Jamar, by Jeff Sheng, Fearless Project
I’ve been really moved by Sheng’s work: I first discovered it when I ran across some news footage about a previous project he had done with closeted US service members during Don’t Ask, Don’t Tell. It was the first time that I truly began to understand the personal pain of DADT. As a civilian, I just hadn’t realized, and he captured the subject matter so beautifully. He didn’t know at the time how much he had helped me, but he had. I can’t thank him enough for that.

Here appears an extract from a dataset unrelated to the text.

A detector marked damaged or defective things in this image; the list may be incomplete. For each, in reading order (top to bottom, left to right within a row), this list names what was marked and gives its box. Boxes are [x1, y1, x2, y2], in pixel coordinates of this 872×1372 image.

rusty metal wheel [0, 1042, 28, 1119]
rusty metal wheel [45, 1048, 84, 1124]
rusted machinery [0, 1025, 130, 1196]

Now. His Fearless project is something truly special because it captures an emerging generation of young people brave enough to be openly gay in sports, a place where homophobia has historically held tight. Where likeability is so important, sometimes even necessary for personal safety. When I was a teenager, sports were for the cool kids. It never would have occurred to me that an athlete could have been gay. As someone who identifies as bisexual, I honestly thought my chances of being the cheerleader I so longed to be were exactly zero. I was afraid to even try.

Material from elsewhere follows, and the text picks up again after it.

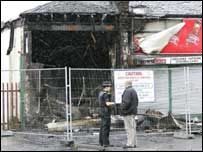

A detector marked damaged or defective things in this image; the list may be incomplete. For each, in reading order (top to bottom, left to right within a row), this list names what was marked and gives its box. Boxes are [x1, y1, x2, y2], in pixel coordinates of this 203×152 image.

Taylor, by Jeff Sheng, Fearless Project
But see, Jeff Sheng has found over a hundred and fifty young people so far who are impossibly brave. Who have been willing to take the risk of being open about themselves with their peers and teammates and families with the knowledge that they will still have to see those people day after day at school and home after they come out—and with the hope that they would be accepted when they did. What’s beautiful about this project is that it has so much potential: To give hope to so many young people in the LGBT community who may feel isolated, to change minds and practices in the sports world as a whole, and who even knows about the world at large? It sounds pie in the sky but these things are like a sneeze, yanno? The gay kid who played ball in football who goes pro who winds up coaching who… We just have no idea.
These kids are heroes and just by having the courage to stand in the sunlight what they are doing is awesome. What Jeff Sheng has done to raise awareness in the gay community is pretty damn great too.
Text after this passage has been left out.